Total Maroon populations are unknown, but between 1732 and 1801, enslavers advertised for more than 2,000 self-liberated people in South Carolina newspapers. Most returned voluntarily, hungry, and cold, back to friends and family, or were hunted down by parties of bounty hunters and dogs.
While the word "Maroon" was not used formally, they were defined very clearly in South Carolina slave laws. "Short-term fugitives" would be returned to their enslavers for punishment, but "long-term fugitives" from enslavement—those who had been away for 12 months or longer—could be lawfully killed by any white person. Enslaved boat sailors had a lot of latitude and freedom in the maritime world of South Carolina because boats were the major source of transportation between the plantations and from the plantations to the port cities. Boats were also the only method of getting raw goods from the plantations for exportation either within the colonies or to the global seas. The plantation seamen knew the waterways intimately and far superior to the plantation owners or anyone else in the community of colonists. Therefore, they were able to secret people off the plantations and manage their travel time in a way to drop food, supplies, other goods and people off in a Maroon community while conducting their normal duties. The plantation boatmen had some of the most personal freedom among enslaved people.

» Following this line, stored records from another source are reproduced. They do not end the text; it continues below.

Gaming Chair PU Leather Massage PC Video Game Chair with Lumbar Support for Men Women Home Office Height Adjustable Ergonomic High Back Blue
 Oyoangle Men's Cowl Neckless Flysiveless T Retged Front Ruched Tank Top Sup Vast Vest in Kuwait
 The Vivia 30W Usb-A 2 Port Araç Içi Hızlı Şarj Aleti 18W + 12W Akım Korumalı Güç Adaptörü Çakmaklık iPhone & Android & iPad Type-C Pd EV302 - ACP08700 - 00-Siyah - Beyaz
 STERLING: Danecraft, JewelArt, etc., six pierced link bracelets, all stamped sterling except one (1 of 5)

In the 18th century, one small Maroon settlement in South Carolina included four houses in a square measuring 17x14 feet. Another larger one measured 700x120 yards and included 21 houses and cropland, accommodating up to 200 people. This town's people grew domesticated rice and potatoes and raised cows, pigs, turkeys, and ducks. Houses were located on the highest elevations; pens were built, fences maintained, and wells dug.
The Maroon communities comprised a major component of African American Maritime History and should be explored further as these communities resulting from rebellion against human enslavement clearly displayed the will and tenacity of so many enslaved people seeking freedom by any means necessary.
References & further reading
Agorsah, E.K., Ed. (1994). Maroon Heritage: Archaeological, Ethnographic and Historical Perspectives. Kingston, Jamaica: Canoe Press.
Heuman, G., Ed. (1982). Out of the House of Bondage: Runaways, Resistance and Marronage in Africa and the New World. London: Frank Cass.
Price, R., Ed. (1996). Maroon Societies: Rebel Slave Communities in the Americas (3rd edition). Baltimore: Johns Hopkins University Press.